PROBLEM REQUIREMENTS -
The entries below should be set down again exactly, with every picture left out.

DATA -
********
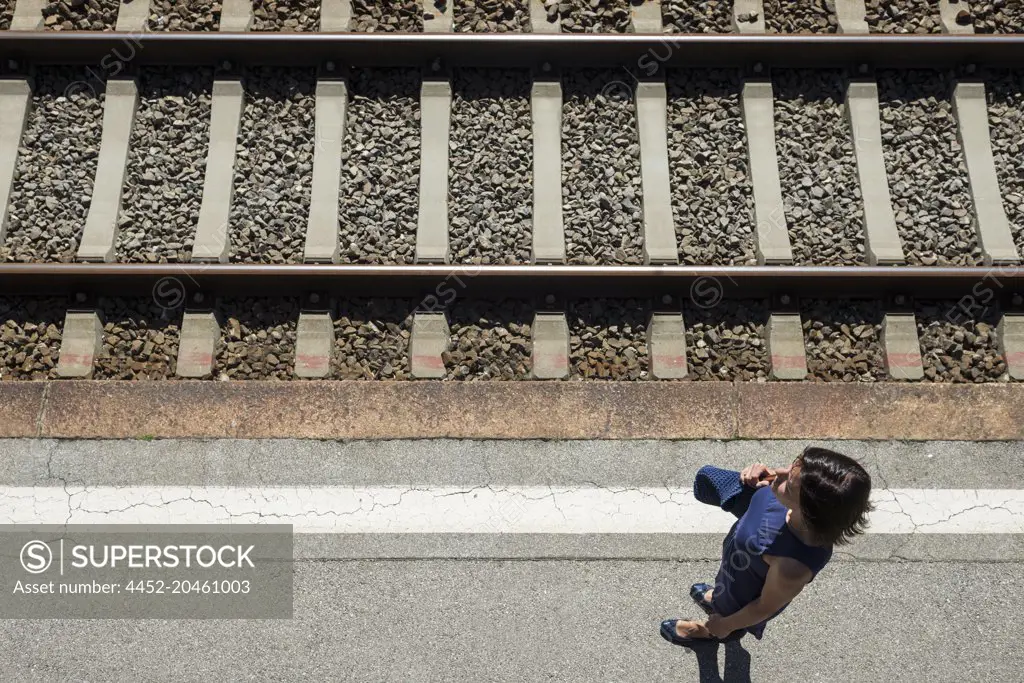 Aerial View of a Woman Waiting on Railroad Station with Tracks in Bellinzona, Switzerland.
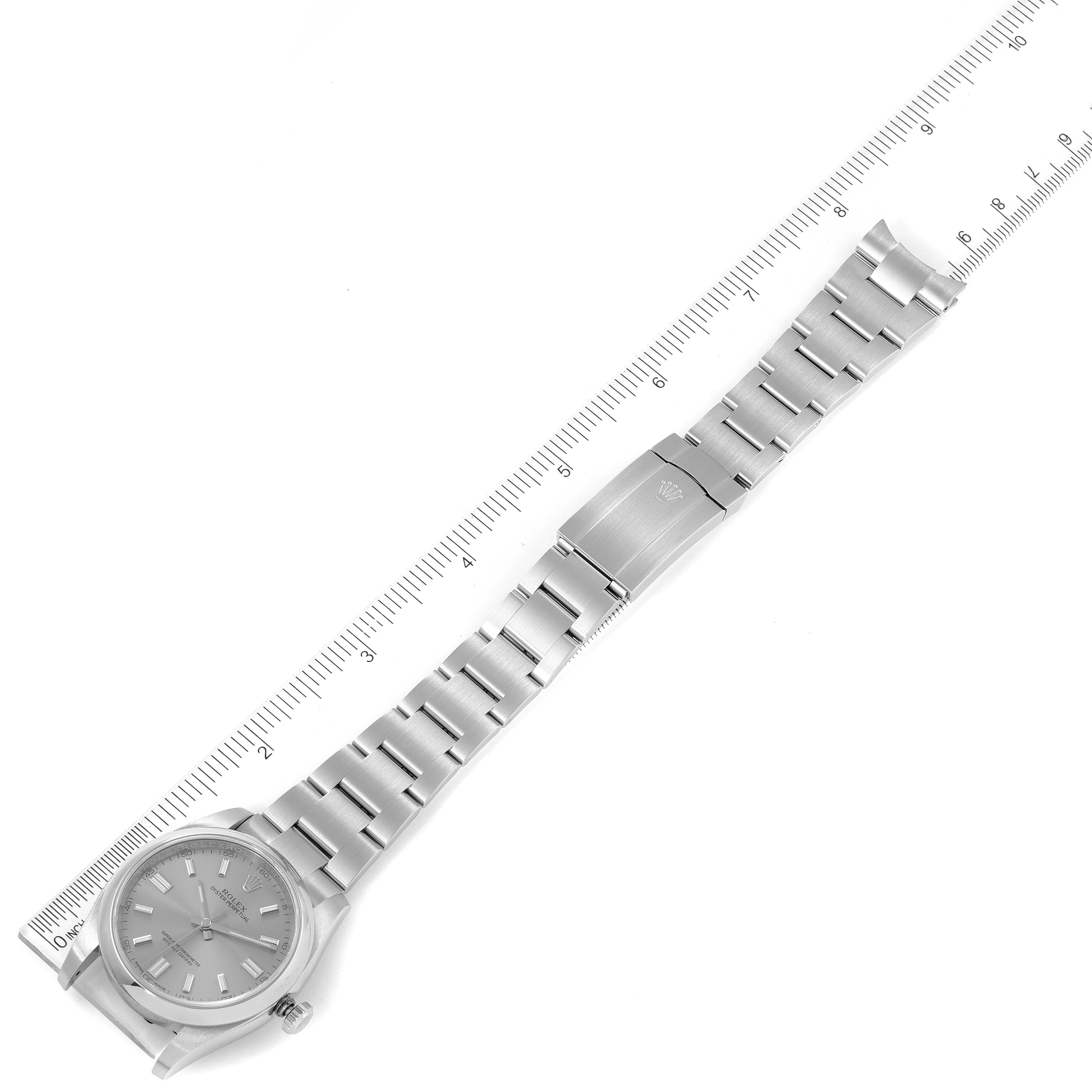 The image shows a top view of a Rolex Oyster Perpetual 116000 Men's Stainless Steel Grey Dial 116000 Men's Stainless Steel Grey Dial watch, including its dial, bracelet, and clasp.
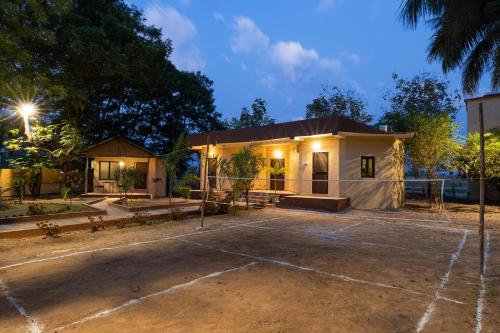 a house with a parking lot in front of it at Avadale Tadoba - Stag Groups Not Allowed in Mohurli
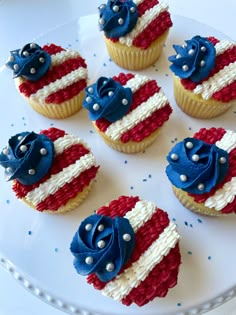 cupcakes decorated with red, white and blue icing are on a plate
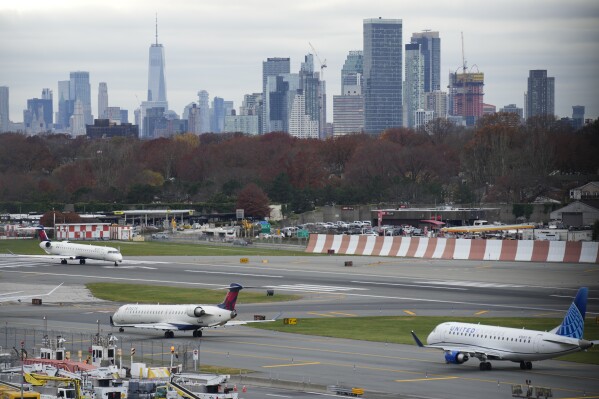 FILE - The New York City skyline is seen behind planes waiting to take off at LaGuardia Airport in New York, Nov. 22, 2023. Most Americans believe that air travel is generally safe in the U.S., despite some doubts about whether aircraft are being properly maintained and remain free from structural problems.(AP Photo/Seth Wenig, File)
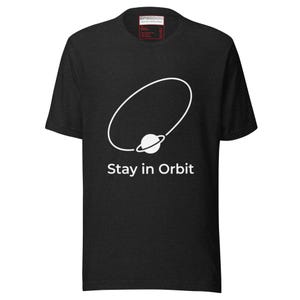 Puede incluir: Camiseta gris oscuro con un gráfico blanco de un planeta con un anillo y el texto "Stay in Orbit". La camiseta tiene cuello redondo y mangas cortas. La etiqueta de la marca es visible en la parte superior.
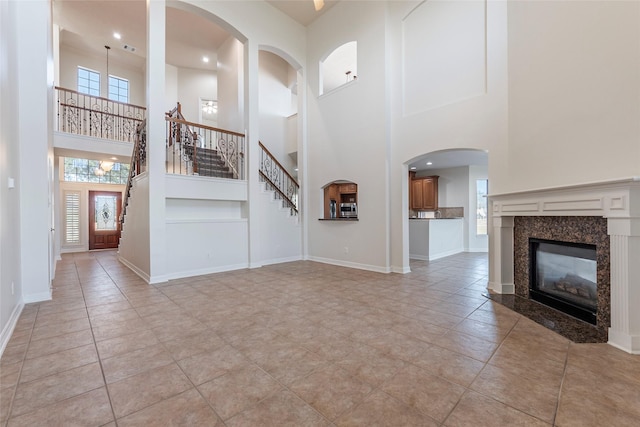 unfurnished living room with a high end fireplace, plenty of natural light, light tile patterned flooring, and a high ceiling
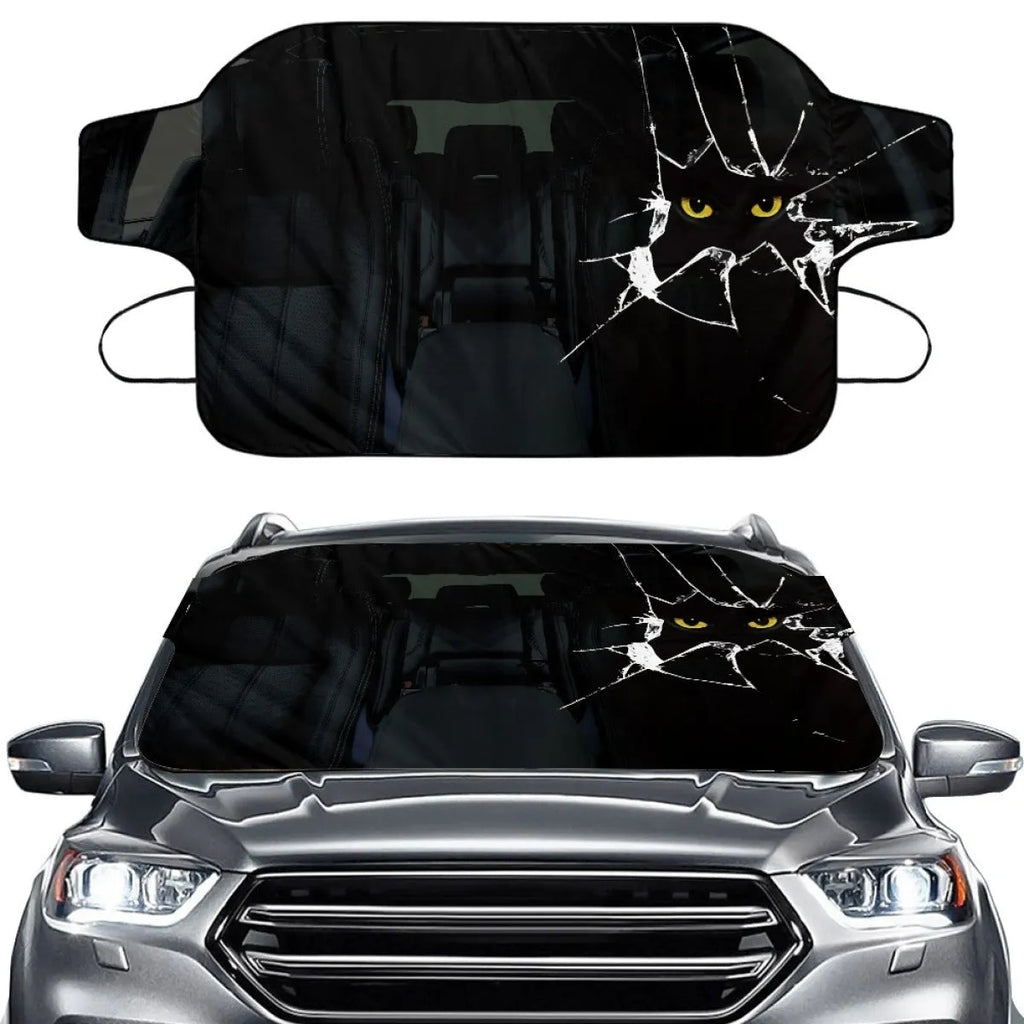 Universal car front snow protection cover made from silver aluminium fabric, shown fitted to a vehicle's windscreen and bonnet.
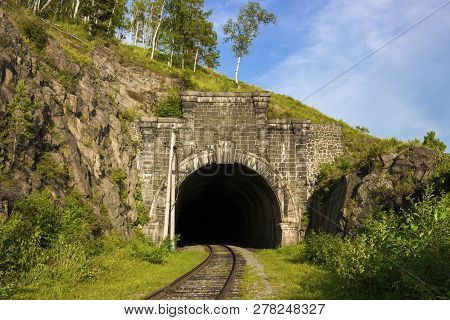 Stone Arch Tunnel In Mountain On The Circum-baikal Railway. Summer Landscape For Travel In Enigmatic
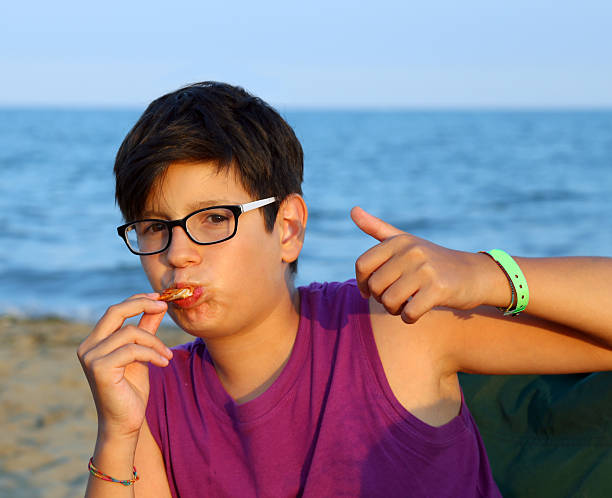 istock young boy OK sign with thumb up eating pizza 487538342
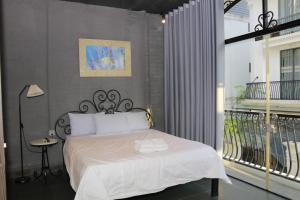Postel nebo postele na pokoji v ubytování Lavender Hotel 202 - Nam Đuống, Thượng Thanh, Long Biên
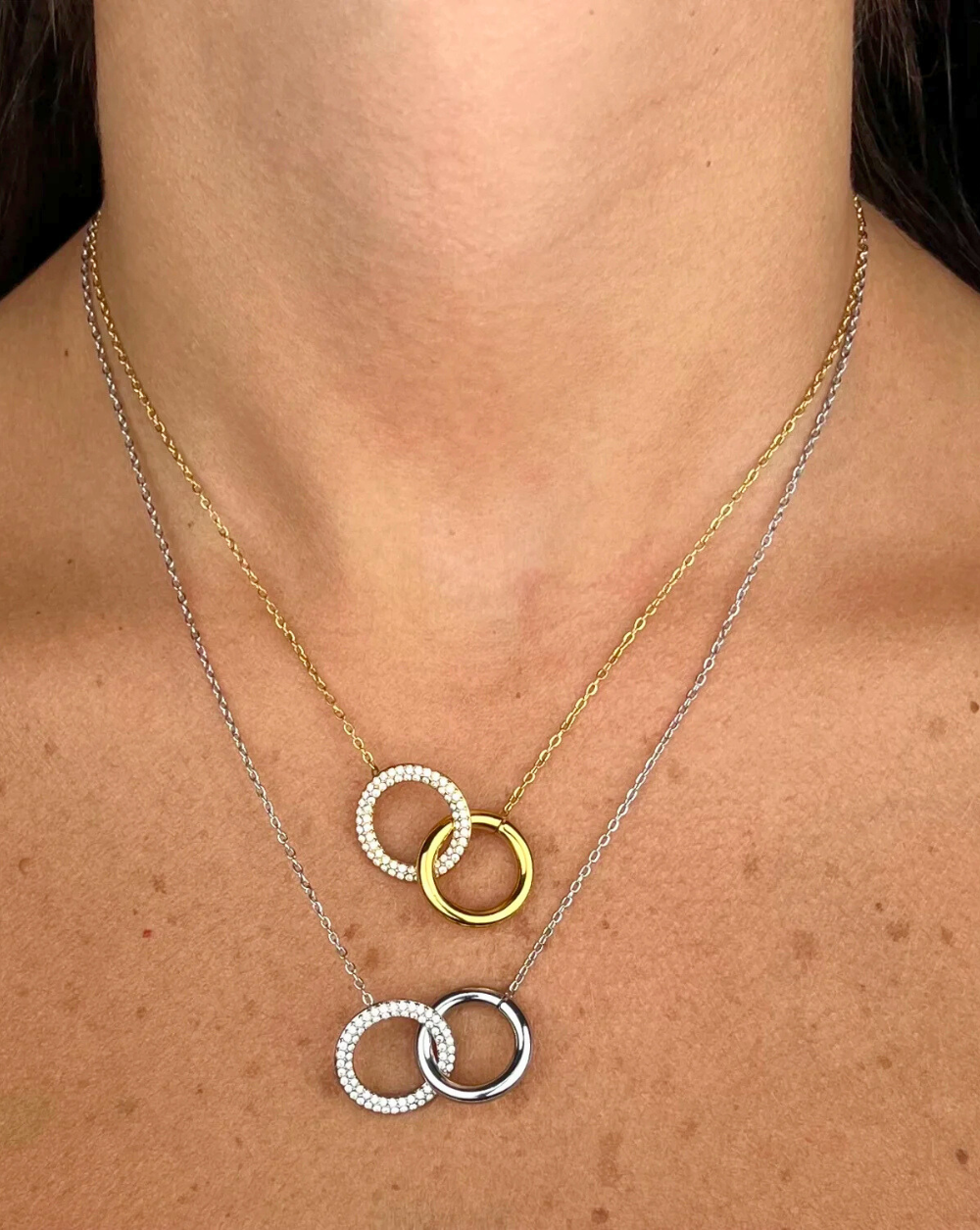 Verižica PAVÉ DUO CIRCLES iz nerjavečega jekla z dvema prepletenima pavé krogoma, prikazana na vratu modela – Trgovina Patrizia Ljubljana.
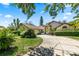 Charming single-story home with a well-manicured lawn, mature landscaping, and a welcoming circular driveway at 10116 Pointview Ct, Orlando, FL 32836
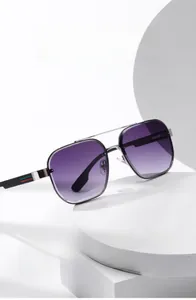 Detail of pilot sunglasses with purple gradient lenses and red-green striped metal temples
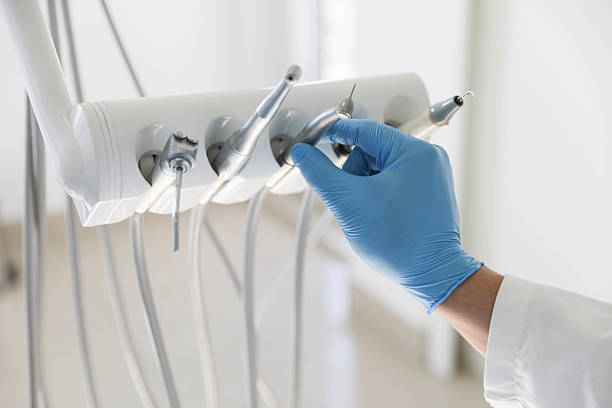 Professional Invisalign Clear Aligners technician working in Fulton, TX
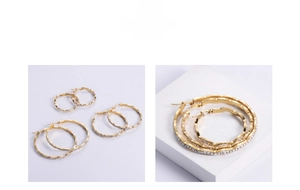 Macro detail of three-size set of golden wave-shaped hoop earrings with inlaid zircons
********
WORKED SOLUTION -
 Aerial View of a Woman Waiting on Railroad Station with Tracks in Bellinzona, Switzerland.
 The image shows a top view of a Rolex Oyster Perpetual 116000 Men's Stainless Steel Grey Dial 116000 Men's Stainless Steel Grey Dial watch, including its dial, bracelet, and clasp.
 a house with a parking lot in front of it at Avadale Tadoba - Stag Groups Not Allowed in Mohurli
 cupcakes decorated with red, white and blue icing are on a plate
 FILE - The New York City skyline is seen behind planes waiting to take off at LaGuardia Airport in New York, Nov. 22, 2023. Most Americans believe that air travel is generally safe in the U.S., despite some doubts about whether aircraft are being properly maintained and remain free from structural problems.(AP Photo/Seth Wenig, File)
 Puede incluir: Camiseta gris oscuro con un gráfico blanco de un planeta con un anillo y el texto "Stay in Orbit". La camiseta tiene cuello redondo y mangas cortas. La etiqueta de la marca es visible en la parte superior.
 unfurnished living room with a high end fireplace, plenty of natural light, light tile patterned flooring, and a high ceiling
 Universal car front snow protection cover made from silver aluminium fabric, shown fitted to a vehicle's windscreen and bonnet.
 Stone Arch Tunnel In Mountain On The Circum-baikal Railway. Summer Landscape For Travel In Enigmatic
 istock young boy OK sign with thumb up eating pizza 487538342
Postel nebo postele na pokoji v ubytování Lavender Hotel 202 - Nam Đuống, Thượng Thanh, Long Biên
 Verižica PAVÉ DUO CIRCLES iz nerjavečega jekla z dvema prepletenima pavé krogoma, prikazana na vratu modela – Trgovina Patrizia Ljubljana.
 Charming single-story home with a well-manicured lawn, mature landscaping, and a welcoming circular driveway at 10116 Pointview Ct, Orlando, FL 32836
 Detail of pilot sunglasses with purple gradient lenses and red-green striped metal temples
 Professional Invisalign Clear Aligners technician working in Fulton, TX
 Macro detail of three-size set of golden wave-shaped hoop earrings with inlaid zircons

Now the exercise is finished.